Missed this question. I don't think we need EXPORT_SYMBOL_GPL() here
at least for now. Modules don't use these functions. The "alloc_tags"
sections will be generated for each module at compile time but they
themselves do not use it.
> >
> > > +
> > > +static inline size_t range_size(const struct codetag_type *cttype,
> > > + const struct codetag_range *range)
> > > +{
> > > + return ((char *)range->stop - (char *)range->start) /
> > > + cttype->desc.tag_size;
> > > +}
> > > +
> > > +static void *get_symbol(struct module *mod, const char *prefix, const char *name)
> > > +{
> > > + char buf[64];
> >
> > Why is 64 enough? I was expecting KSYM_NAME_LEN here, but perhaps this
> > is specialized enough to section names that it will not be a problem?
>
> This buffer is being used to hold the name of the section containing
> codetags appended with "__start_" or "__stop_" and the only current
> user is alloc_tag_init() which sets the section name to "alloc_tags".
> So, this buffer currently holds either "alloc_tags__start_" or
> "alloc_tags__stop_". When more codetag applications are added (like
> the ones we have shown in the original RFC [1]), there would be more
> section names. 64 was chosen as a big enough value to reasonably hold
> the section name with the suffix. But you are right, we should add a
> check for the section name size to ensure it always fits.
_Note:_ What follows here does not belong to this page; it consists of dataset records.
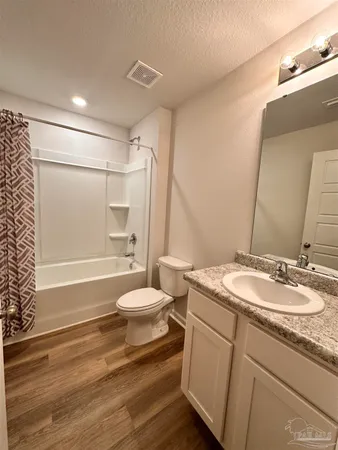 $2,150 | 6081 Secretariat Way, Pensacola, FL 32526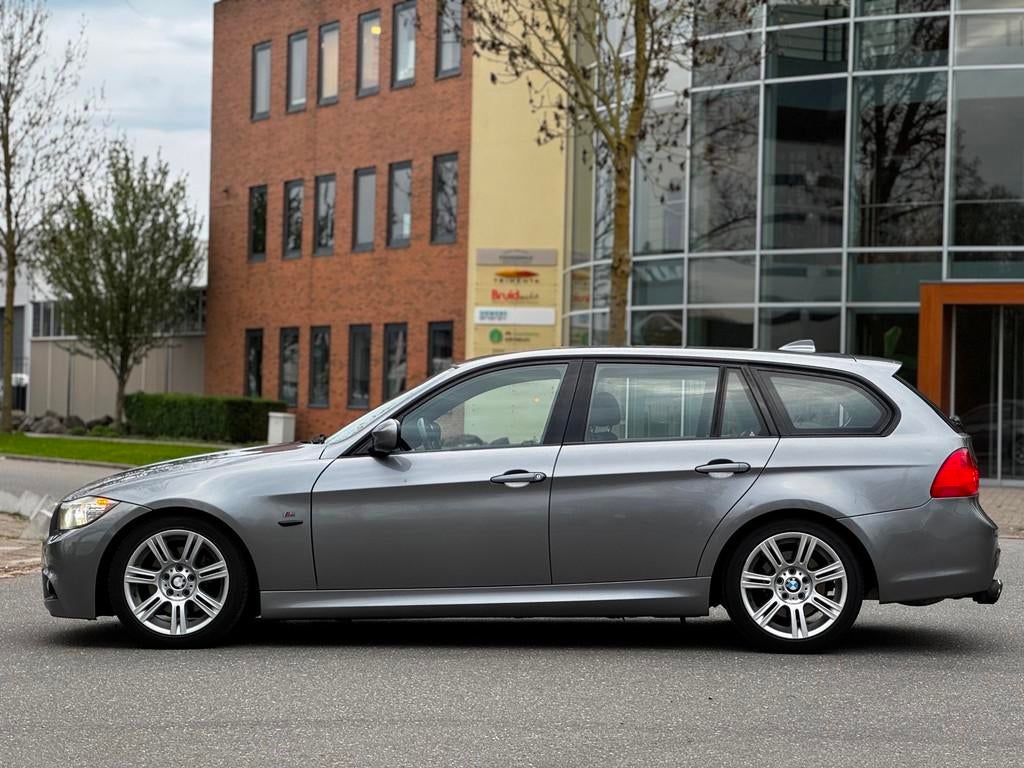BMW 3-serie Touring 320i Sport M PAKKET|ALCANTARA|NAVI|6BAK|, Keurmerk '100% Onderhouden', Achterwielaandrijving, 4 cilinders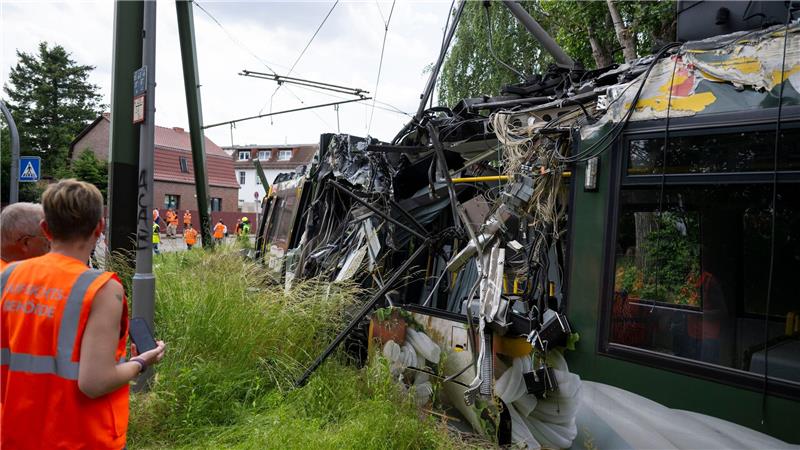 Eine Straßenbahn in Neu Hohenschönhausen ist entgleist. Bei dem Unfall gab es viele Verletzte.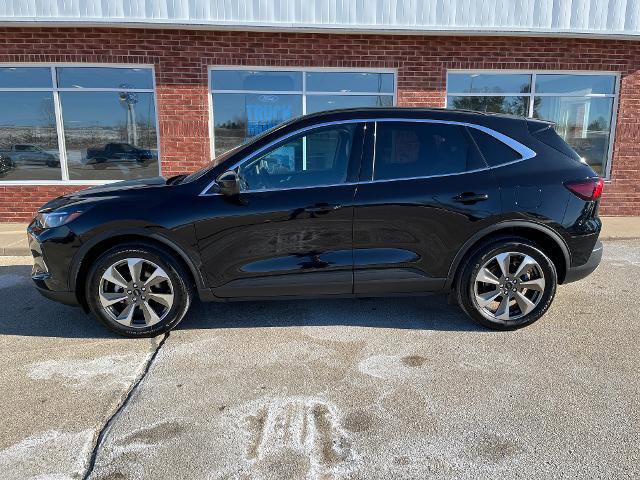 Certified 2023 Ford Escape Platinum image 2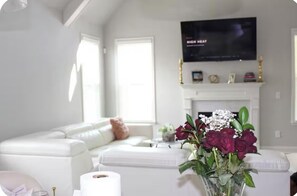 Living area - Perfect 1-bedroom house in fabulous Marietta (Marietta)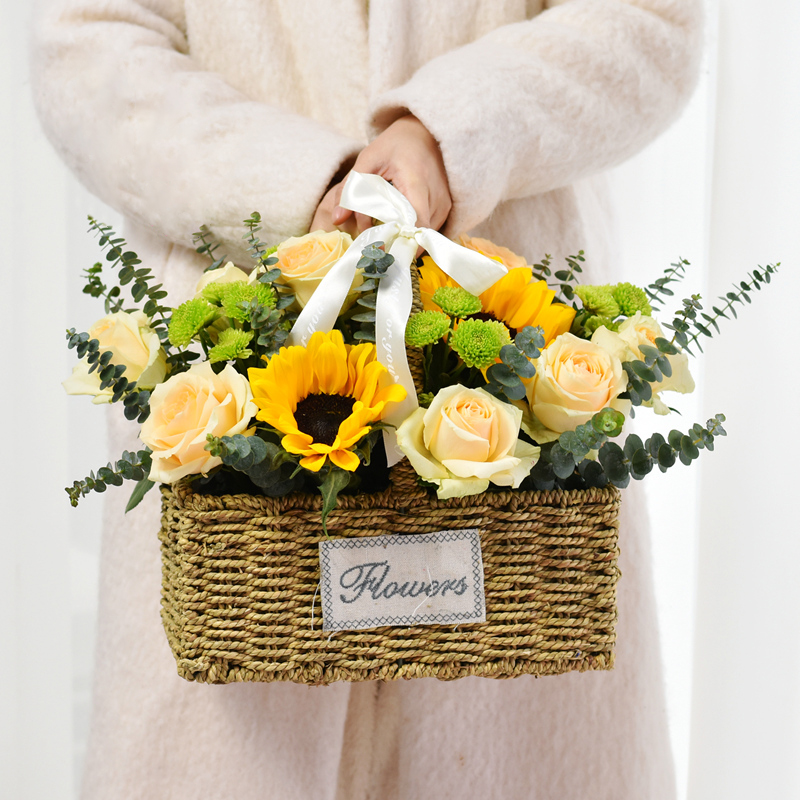 桃李满天下-向日葵香槟玫瑰混搭手提小花篮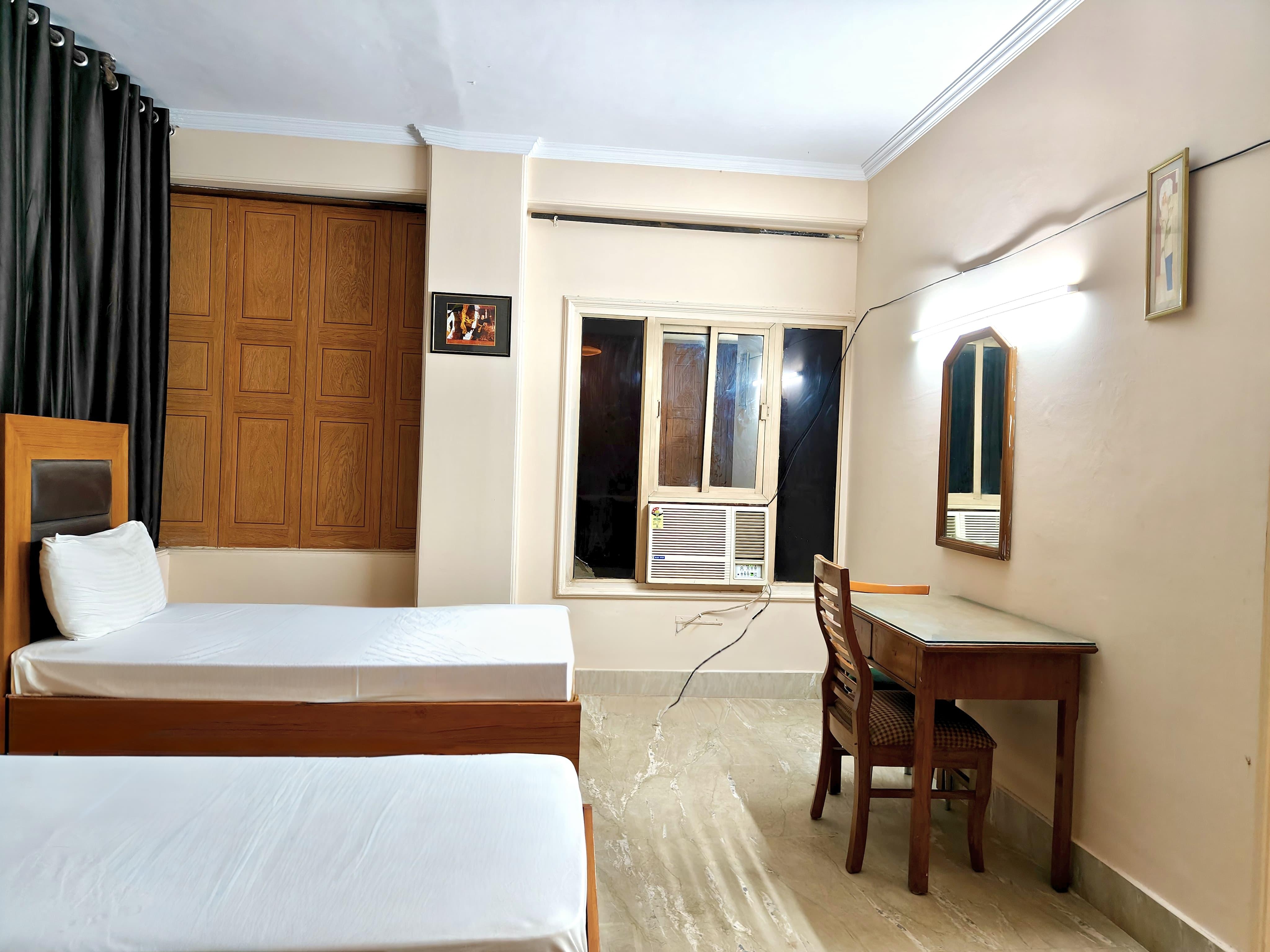 Aggarwal's PG — photo 2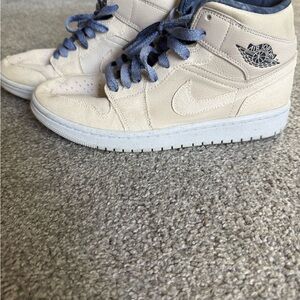 Jordan Women's Sneakers Beige and Navy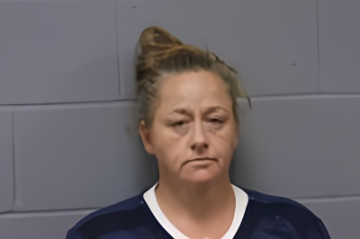 Mugshot of ASHLEY MARIE RUBLE HUNZINGER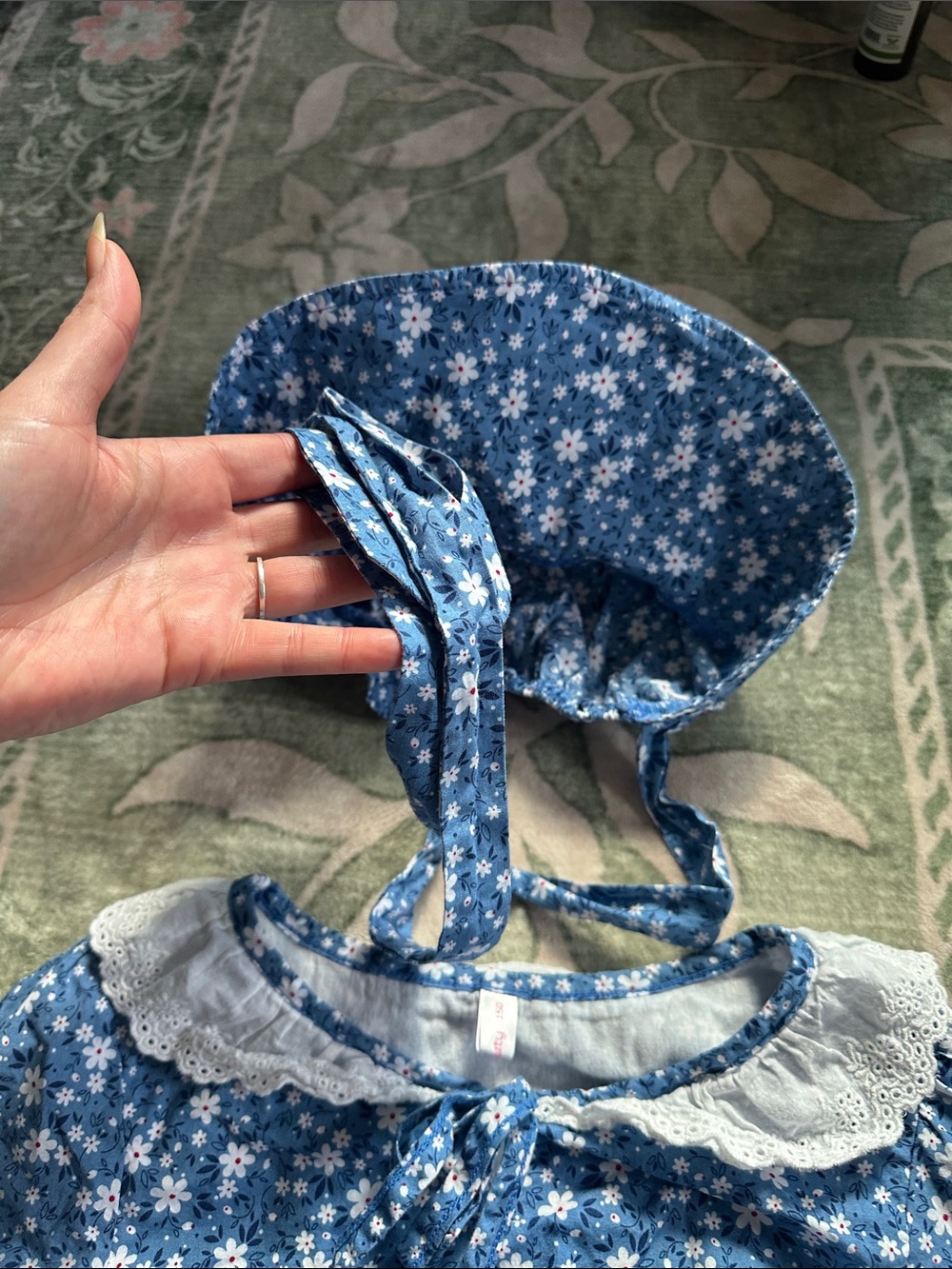 Blue Floral Girls' Prairie Costume Dress with Bonnet 🦬🩵🏕️ - Picture 11 of 15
Will add
> into my TODO list.
>
> [1] https://lore.kernel.org/all/20220830214919.53220-1-surenb@xxxxxxxxxx/
> > If so, please document it clearly with a comment.
>
> Will do.
>
> >
> > > + int res;
> > > +
> > > + res = snprintf(buf, sizeof(buf), "%s%s", prefix, name);
> > > + if (WARN_ON(res < 1 || res > sizeof(buf)))
> > > + return NULL;
> >
> > Please use a seq_buf here instead of snprintf, which we're trying to get
> > rid of.
> >
> > DECLARE_SEQ_BUF(sb, KSYM_NAME_LEN);
> > char *buf;
> >
> > seq_buf_printf(sb, "%s%s", prefix, name);
> > if (seq_buf_has_overflowed(sb))
> > return NULL;
> >
> > buf = seq_buf_str(sb);
>
> Will do. Thanks!
>
> >
> > > +
> > > + return mod ?
> > > + (void *)find_kallsyms_symbol_value(mod, buf) :
> > > + (void *)kallsyms_lookup_name(buf);
> > > +}
> > > +
> > > +static struct codetag_range get_section_range(struct module *mod,
> > > + const char *section)
> > > +{
> > > + return (struct codetag_range) {
> > > + get_symbol(mod, "__start_", section),
> > > + get_symbol(mod, "__stop_", section),
> > > + };
> > > +}
> > > +
> > > +static int codetag_module_init(struct codetag_type *cttype, struct module *mod)
> > > +{
> > > + struct codetag_range range;
> > > + struct codetag_module *cmod;
> > > + int err;
> > > +
> > > + range = get_section_range(mod, cttype->desc.section);
> > > + if (!range.start || !range.stop) {
> > > + pr_warn("Failed to load code tags of type %s from the module %s\n",
> > > + cttype->desc.section,
> > > + mod ? mod->name : "(built-in)");
> > > + return -EINVAL;
> > > + }
> > > +
> > > + /* Ignore empty ranges */
> > > + if (range.start == range.stop)
> > > + return 0;
> > > +
> > > + BUG_ON(range.start > range.stop);
> > > +
> > > + cmod = kmalloc(sizeof(*cmod), GFP_KERNEL);
> > > + if (unlikely(!cmod))
> > > + return -ENOMEM;
> > > +
> > > + cmod->mod = mod;
> > > + cmod->range = range;
> > > +
> > > + down_write(&cttype->mod_lock);
> > > + err = idr_alloc(&cttype->mod_idr, cmod, 0, 0, GFP_KERNEL);
> > > + if (err >= 0)
> > > + cttype->count += range_size(cttype, &range);
> > > + up_write(&cttype->mod_lock);
> > > +
> > > + if (err < 0) {
> > > + kfree(cmod);
> > > + return err;
> > > + }
> > > +
> > > + return 0;
> > > +}
> > > +
> > > +struct codetag_type *
> > > +codetag_register_type(const struct codetag_type_desc *desc)
> > > +{
> > > + struct codetag_type *cttype;
> > > + int err;
> > > +
> > > + BUG_ON(desc->tag_size <= 0);
> > > +
> > > + cttype = kzalloc(sizeof(*cttype), GFP_KERNEL);
> > > + if (unlikely(!cttype))
> > > + return ERR_PTR(-ENOMEM);
> > > +
> > > + cttype->desc = *desc;
> > > + idr_init(&cttype->mod_idr);
> > > + init_rwsem(&cttype->mod_lock);
> > > +
> > > + err = codetag_module_init(cttype, NULL);
> > > + if (unlikely(err)) {
> > > + kfree(cttype);
> > > + return ERR_PTR(err);
> > > + }
> > > +
> > > + mutex_lock(&codetag_lock);
> > > + list_add_tail(&cttype->link, &codetag_types);
> > > + mutex_unlock(&codetag_lock);
> > > +
> > > + return cttype;
> > > +}
> > > --
> > > 2.43.0.687.g38aa6559b0-goog
> > >
> >
> > --
> > Kees Cook